Incubate the setup in a clean culture dish at room temperature for 12 hours. Following incubation, slowly inject one milliliter of sterile deionized water over the course of 10 minutes, and then reconnect the inlet to the outlet. To begin, lay the ToF-SIMS stage on a flat, clean surface.
Put the SALVI device onto the stage with the silicon wafer and silicon nitride membrane facing upward. Fix the SALVI device to the stage using four metal clamping pieces, and screw the metal pieces holding the corner of the device into the metal plate by four screws. Next, gently roll up the PFTE tubing connected to the microfluidic channel.
Use four metal pieces and four screws to hold the stiff part down. Make sure that the device is positioned in the open space on the stage, so that it does not interfere with the primary ion beam during analysis.
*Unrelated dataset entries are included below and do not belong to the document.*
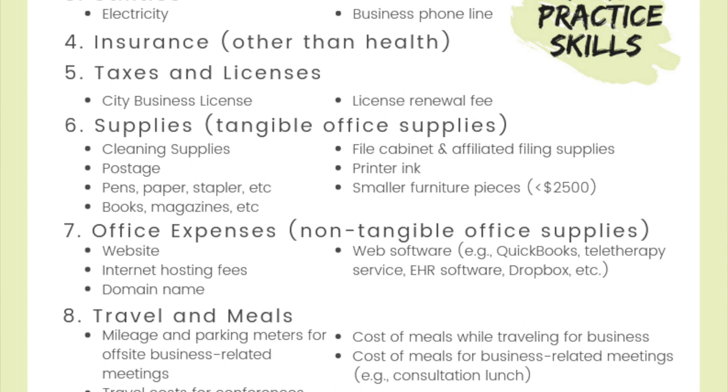The next category is office expenses — a reminder that those are the non-tangible office supplies. These are things like expenses related to your website, internet hosting fees, the money you pay for your domain name, any web software you use that usually comes with some sort of a monthly fee, things like QuickBooks, teletherapy service subscriptions, EHR software, and if you pay for things like Dropbox — those all go in the office expenses category. Things that you can't touch tangibly, and you'll notice most of it is online.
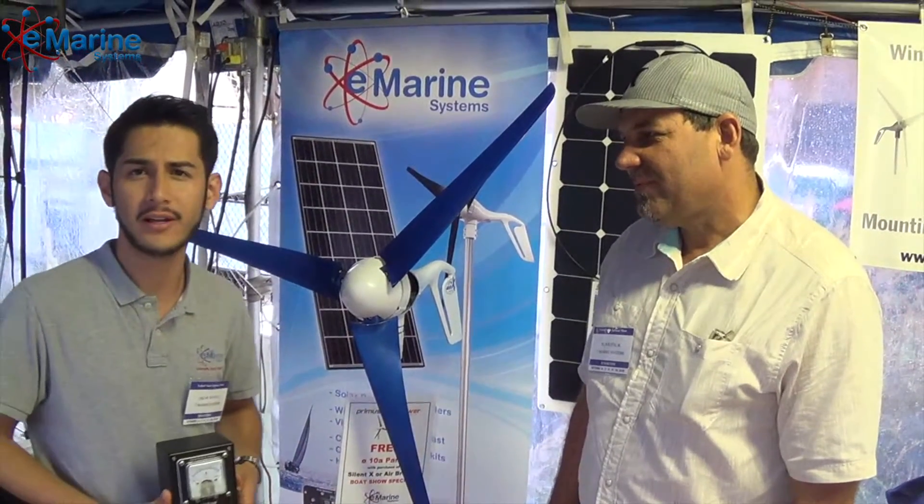Hi, I'm Ken Kotelik at the Annapolis Boat Show here in 2016. I'm with Primus Wind Power. I'm Oscar Benitez here with eMarine Systems. We are at the Annapolis Boat Show 2016, here with Ken Kotelik from Primus Wind Power.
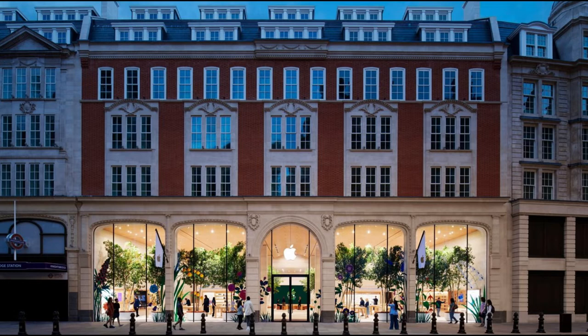The Brompton Road Apple Store is the first in the country to feature something that Apple has been developing in the US: Apple Pickup, which evolved from Apple's Express Pickup system that allowed customers to get their hands on products without needing to visit stores during lockdown. This is the first time in a UK Apple store that customers will have a dedicated area where they can collect items they've ordered online.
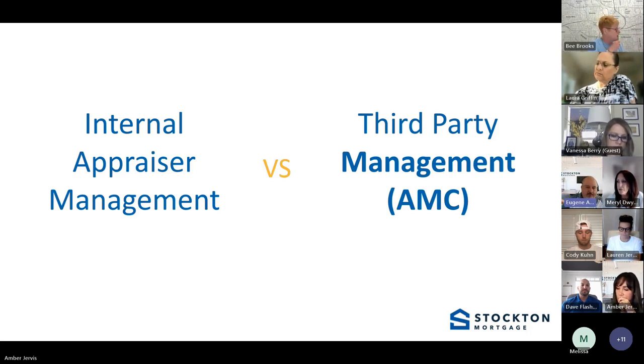In our system, the appraiser pays a $60 fee for software utilization, but they keep the rest of the appraisal fee. So if an appraisal is $600, they're getting $540. With a management company, they take anywhere from 25 to 50% of the appraisal fee. When appraisers are getting paid more, they tend to be more responsive and produce more quality reports. Our internal system allows us to build individual branch panels and customize around each market.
Next, mount the Faraday cup onto the stage using a screw.
Then, open the ToF-SIMS loadlock door and set the stage horizontally onto the loading platform before closing the door. Turn on the vacuum pump and let the loadlock chamber pump down to around 10 to the minus sixth millibar. Then, move the SALVI device into the main chamber after about 30 minutes, once the vacuum is stabilized.
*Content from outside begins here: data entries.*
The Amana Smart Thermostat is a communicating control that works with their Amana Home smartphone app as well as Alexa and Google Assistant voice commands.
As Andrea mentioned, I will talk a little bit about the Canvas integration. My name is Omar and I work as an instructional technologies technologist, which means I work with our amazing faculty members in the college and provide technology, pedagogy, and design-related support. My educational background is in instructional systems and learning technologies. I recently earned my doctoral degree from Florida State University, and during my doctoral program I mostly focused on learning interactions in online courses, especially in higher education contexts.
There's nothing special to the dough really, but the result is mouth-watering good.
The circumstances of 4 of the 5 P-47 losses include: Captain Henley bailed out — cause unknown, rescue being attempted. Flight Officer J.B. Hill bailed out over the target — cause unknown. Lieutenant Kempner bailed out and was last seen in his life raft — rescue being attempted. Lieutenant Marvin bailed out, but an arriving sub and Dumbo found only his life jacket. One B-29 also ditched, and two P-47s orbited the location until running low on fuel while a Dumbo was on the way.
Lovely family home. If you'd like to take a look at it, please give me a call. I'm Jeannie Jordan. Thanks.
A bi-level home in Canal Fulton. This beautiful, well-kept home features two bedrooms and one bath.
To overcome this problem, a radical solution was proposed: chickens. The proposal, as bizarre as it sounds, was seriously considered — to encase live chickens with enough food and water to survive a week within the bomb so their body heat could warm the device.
Adjust the primary ion beam, and analyzer of the ToF-SIMS, to acquire a spatial resolution of approximately 400 nanometers by following the manufacturer's recommended protocol. Next, find the microfluidic channel using the optical microscope. Use the optical image center as a reference, and align it to be consistent with the secondary ion image center.
Visual demonstration of this step is critical, as it is difficult to learn, because the sample is thicker than normal solid samples, and it's difficult to adjust the settings to find the best focus of the channel. Before each measurement, use a one kiloelectronvolt oxygen beam to scan on the silicon nitride window for about 15 seconds to remove surface contamination. Also, use an electron flood gun to compensate surface charging during all measurements.
Next, select the positive or negative mode before starting data acquisition. Use the 25 kiloelectronvolt bismuth three plus as the primary ion beam in all measurements. For depth profiling, scan the primary ion beam on a round area with a diameter of about two micrometers with a resolution of 32 pixels by 32 pixels.
To minimize the time required to punch through the silicon nitride membrane, use a long pulse width primary ion beam. After the silicon nitride membrane punch-through, keep the same current for about 200 seconds to obtain sufficient data for two-dimensional image reconstructions. For data collection, reduce the pulse width to 80 nanoseconds in order to acquire spectra with better mass resolution.
Continue this acquisition for about another 200 seconds. Using the SALVI microfluidic interface, the primary ion beam can directly bombard on the hydrated fibronectin film. A number of water clusters and amino acid fragments are indicated by the ToF-SIMS mass spec data.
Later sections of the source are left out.